Ursprung
Die Ortsgemeinden gehen auf den Chinesen Watchman Nee (1903-1972)
zurück. Er war im freikirchlich-darbyistischen Gemeindeverständnis
verwurzelt und war er war der Meinung, dass die Spaltungen der
Kirchengeschichte hätten vermieden werden können, wenn die Urgemeinde sich
nicht global, sondern ausschließlich lokal organisiert hätte. In einer
Vielzahl von Schriften versuchte er zu belegen, dass die Globalisierung der
Kirche die Ursache für alle Verfehlungen in Theologie und kirchlicher Praxis
gewesen sei.
Lehre
Theologisch gehören die Ortsgemeinden zum evangelikalen Spektrum,
d.h. sie sind der Meinung, dass Voraussetzung für wirkliches Christentum
eine persönliche Beziehung zu Jesus Christus sein müsse. Da es im Neuen
Testament nur lokale Gemeinden gegeben hätte, müsse die Einheit der
Christenheit im geistlichen Sinne verstanden werden, während ihre konkrete
Ausformung nur in konkreten Ortsgemeinden geschehen könne. Im Unterschied zu
den lutherischen Gemeinden wird bezugnehmend auf 2. Petr 1:21 und 2. Tim.
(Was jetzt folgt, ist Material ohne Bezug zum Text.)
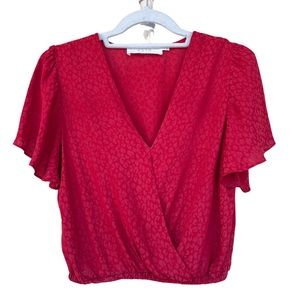 ASTR | Red Leopard V Neck Flutter Sleeve Blouse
6:12 wird geglaubt, dass die Heilige Bibel die vollständige göttliche
Offenbarung darstellt und wörtlich durch den Heiligen Geist inspiriert
worden ist.
Die Taufe wird als Erwachsenentaufe praktiziert, da für ein wahrhaftiges Christentum Bekehrung und Wiedergeburt nötig sei. Die Ortsgemeinden stehen den auf John Nelson Darby zurückgehenden Brüdergemeinden sehr nahe. Die Frömmigkeit ist stark emotional und erfahrungsbezogen geprägt, die theologische Lehre (Dogmatik) spielt eine eher unwichtige Rolle. Großer Wert wird auf die Mission und ein lebendiges Gemeindeleben gelegt.
Entwicklung
Die Veröffentlichungen von Watchman Nee waren in evangelikalen Gemeinden als
Erbauungsliteratur ziemlich verbreitet. Sein ehemaliger Mitarbeiter, Witness
Lee, schuf in den frühen dreißiger Jahren des 20. Jahrhunderts, die
organisatorischen Voraussetzungen einer neuen kirchlichen Struktur. Die
Bewegung verbreitete sich zuerst vor allem auf Taiwan und den Philippinen,
geriet aber dann Anfang der sechziger Jahre in die USA. In der
Bundesrepublik bildete sich 1970 unter Studenten in Freiburg die erste
Gemeinde. Heute wird in Deutschland mit etwa 1000 Anhängern gerechnet. Von
Beobachtern der Szene wird in jüngser Zeit darauf hingewiesen, dass sich in
der Bewegung verstärkt zentralistische Tendenzen finden lassen. Sollte sich
diese Entwicklung durchsetzen, dann dürfte die Bewegung sich in einiger Zeit
zu einer (kleinen) etablierten und organisierten Freikirche entwickeln.